**To do**
Every entry in the listing below has to be given again exactly.

----

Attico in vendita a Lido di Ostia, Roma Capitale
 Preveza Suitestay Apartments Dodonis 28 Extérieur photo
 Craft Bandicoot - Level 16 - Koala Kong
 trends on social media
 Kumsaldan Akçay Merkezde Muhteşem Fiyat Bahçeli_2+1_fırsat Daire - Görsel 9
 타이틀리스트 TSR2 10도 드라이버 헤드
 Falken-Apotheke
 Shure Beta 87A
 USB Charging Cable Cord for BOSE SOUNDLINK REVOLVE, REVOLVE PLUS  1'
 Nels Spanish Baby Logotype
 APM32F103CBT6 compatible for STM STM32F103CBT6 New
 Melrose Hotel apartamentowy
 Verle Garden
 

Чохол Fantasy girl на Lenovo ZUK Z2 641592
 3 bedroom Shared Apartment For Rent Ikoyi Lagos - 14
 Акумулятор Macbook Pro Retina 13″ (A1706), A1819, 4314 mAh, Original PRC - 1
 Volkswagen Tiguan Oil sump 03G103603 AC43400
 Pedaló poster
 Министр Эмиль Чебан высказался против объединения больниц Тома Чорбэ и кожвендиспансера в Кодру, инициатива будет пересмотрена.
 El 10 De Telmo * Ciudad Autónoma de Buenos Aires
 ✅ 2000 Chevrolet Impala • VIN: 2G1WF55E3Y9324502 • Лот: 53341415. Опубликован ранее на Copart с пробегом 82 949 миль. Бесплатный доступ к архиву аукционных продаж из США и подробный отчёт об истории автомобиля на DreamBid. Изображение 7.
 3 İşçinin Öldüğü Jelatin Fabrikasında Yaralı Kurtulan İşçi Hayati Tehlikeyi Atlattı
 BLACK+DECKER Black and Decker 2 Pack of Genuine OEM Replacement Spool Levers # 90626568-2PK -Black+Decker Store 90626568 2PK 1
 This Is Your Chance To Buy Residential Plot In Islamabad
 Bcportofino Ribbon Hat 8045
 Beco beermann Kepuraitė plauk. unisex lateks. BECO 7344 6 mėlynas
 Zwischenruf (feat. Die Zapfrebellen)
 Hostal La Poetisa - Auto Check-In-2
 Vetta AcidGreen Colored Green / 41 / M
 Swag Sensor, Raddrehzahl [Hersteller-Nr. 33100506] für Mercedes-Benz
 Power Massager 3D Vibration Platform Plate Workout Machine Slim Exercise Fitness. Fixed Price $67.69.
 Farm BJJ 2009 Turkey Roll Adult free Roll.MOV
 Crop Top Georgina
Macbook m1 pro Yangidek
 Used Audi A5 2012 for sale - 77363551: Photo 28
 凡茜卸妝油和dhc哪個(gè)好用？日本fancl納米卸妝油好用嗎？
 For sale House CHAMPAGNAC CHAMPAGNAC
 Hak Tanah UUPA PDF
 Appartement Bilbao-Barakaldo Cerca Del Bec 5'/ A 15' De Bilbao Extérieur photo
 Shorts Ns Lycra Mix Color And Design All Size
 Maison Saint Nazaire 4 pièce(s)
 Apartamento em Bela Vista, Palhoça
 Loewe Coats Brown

----

**Written answer**
Attico in vendita a Lido di Ostia, Roma Capitale
 Preveza Suitestay Apartments Dodonis 28 Extérieur photo
 Craft Bandicoot - Level 16 - Koala Kong
 trends on social media
 Kumsaldan Akçay Merkezde Muhteşem Fiyat Bahçeli_2+1_fırsat Daire - Görsel 9
 타이틀리스트 TSR2 10도 드라이버 헤드
 Falken-Apotheke
 Shure Beta 87A
 USB Charging Cable Cord for BOSE SOUNDLINK REVOLVE, REVOLVE PLUS  1'
 Nels Spanish Baby Logotype
 APM32F103CBT6 compatible for STM STM32F103CBT6 New
 Melrose Hotel apartamentowy
 Verle Garden
 

Чохол Fantasy girl на Lenovo ZUK Z2 641592
 3 bedroom Shared Apartment For Rent Ikoyi Lagos - 14
 Акумулятор Macbook Pro Retina 13″ (A1706), A1819, 4314 mAh, Original PRC - 1
 Volkswagen Tiguan Oil sump 03G103603 AC43400
 Pedaló poster
 Министр Эмиль Чебан высказался против объединения больниц Тома Чорбэ и кожвендиспансера в Кодру, инициатива будет пересмотрена.
 El 10 De Telmo * Ciudad Autónoma de Buenos Aires
 ✅ 2000 Chevrolet Impala • VIN: 2G1WF55E3Y9324502 • Лот: 53341415. Опубликован ранее на Copart с пробегом 82 949 миль. Бесплатный доступ к архиву аукционных продаж из США и подробный отчёт об истории автомобиля на DreamBid. Изображение 7.
 3 İşçinin Öldüğü Jelatin Fabrikasında Yaralı Kurtulan İşçi Hayati Tehlikeyi Atlattı
 BLACK+DECKER Black and Decker 2 Pack of Genuine OEM Replacement Spool Levers # 90626568-2PK -Black+Decker Store 90626568 2PK 1
 This Is Your Chance To Buy Residential Plot In Islamabad
 Bcportofino Ribbon Hat 8045
 Beco beermann Kepuraitė plauk. unisex lateks. BECO 7344 6 mėlynas
 Zwischenruf (feat. Die Zapfrebellen)
 Hostal La Poetisa - Auto Check-In-2
 Vetta AcidGreen Colored Green / 41 / M
 Swag Sensor, Raddrehzahl [Hersteller-Nr. 33100506] für Mercedes-Benz
 Power Massager 3D Vibration Platform Plate Workout Machine Slim Exercise Fitness. Fixed Price $67.69.
 Farm BJJ 2009 Turkey Roll Adult free Roll.MOV
 Crop Top Georgina
Macbook m1 pro Yangidek
 Used Audi A5 2012 for sale - 77363551: Photo 28
 凡茜卸妝油和dhc哪個(gè)好用？日本fancl納米卸妝油好用嗎？
 For sale House CHAMPAGNAC CHAMPAGNAC
 Hak Tanah UUPA PDF
 Appartement Bilbao-Barakaldo Cerca Del Bec 5'/ A 15' De Bilbao Extérieur photo
 Shorts Ns Lycra Mix Color And Design All Size
 Maison Saint Nazaire 4 pièce(s)
 Apartamento em Bela Vista, Palhoça
 Loewe Coats Brown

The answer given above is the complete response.